2.3 Standortfaktoren
Dieser Punkt setzt sich mit den Standortfaktoren auseinander, mit der Erklärung und Definition dieser Begriffe. Diese bestimmen den Unternehmensstandort und sind in drei Kostengruppen zu unterscheiden:
Roh- und Kraftstoffpreise, Arbeitskosten und Transportkosten (Farhauer & Kröll, 2013)

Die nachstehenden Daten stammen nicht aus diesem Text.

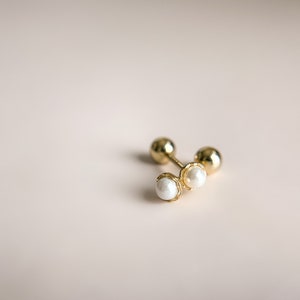 Op de afbeelding: Een paar gouden oorbelletjes met kleine witte parel accenten.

Standortfaktoren sind in unterschiedliche Kategorien einzuteilen. Natürliche Standortvorteile sind harte Vorteile. Direkter, messbarer Einfluss (Vorteil 1.Art - Rohstoffe) sind natürliche Standortvorteile. Weiche sind nicht messbar (Vorteil 2. Art - Unternehmensintern). Deglomerationskräfte (Überfüllungskosten in Städten) und Pendelkosten wirken wiederrum positiv auf weiche Faktoren wie z.B. hohe Lebensqualität. Agglomerationsvorteile bieten vielen Unternehmen in Ballungszentren Aussicht auf Erfolg. Lokalisationskräfte haben für den Arbeitsmarkt große Anziehungskraft. Niedrige Lebenshaltungskosten, hohe Lebensqualität, diversifizierte Branchenstruktur, niedrige Produktionskosten und schwacher Wettbewerbsdruck sind Standortvorteile der ländlichen Regionen (Farhauer & Kröll, 2013). Umweltkatastrophen, Klima, Politische Lage im Staat, Fiskalpolitik, Umweltstandards, Absatzmärkte u.v.m. sind wichtige Standortfaktoren. Die strategischen Unternehmensziele beeinflussen die Wertigkeit der Standortfaktoren. Betrachtet man das Ganze jedoch aus einem anderen Blickwinkel, so ist für ein anderes Unternehmen dieser Standortvorteil nebensächlich.
2.4 Standortanalyse
Vor der Erstellung einer Standortanalyse liegt die Erkenntnis eines Problems vor. Der vorliegende Punkt beschäftigt sich mit dem theoretischen Teil der Standortanalyse. Der Bedarf einer größeren Betriebsstätte oder der Fachkräftemangel stellen ein strategisches Problem dar. Neue technologische Entwicklungen, der Wunsch nach Erweiterung oder leistbares Wohnen für Mitarbeiter, Klimaveränderung und Terrorismusgefahr sind mögliche Auslöser für diese Prozesse (Egger & Posch, 2016). Vielschichtige Entscheidungsprobleme brauchen Kompromisslösungen, Team-Entscheidungen werden gemeinsam leichter umgesetzt und gerechtfertigt. Standortentscheidungen zählen zu den schwierigsten und wichtigsten Entscheidungen. Die Vielfalt und verschiedenen Möglichkeiten von Standorten bedeuten Zielkonflikte und benötigen eine „qualitative Modellierung des Entscheidungsproblems (Ottmann & Lifka, 2010)“. Die vorliegende Arbeit soll die Grundlagen der theoretischen Standortanalyse erläutern und einen kurzen Einblick in die Materie bieten.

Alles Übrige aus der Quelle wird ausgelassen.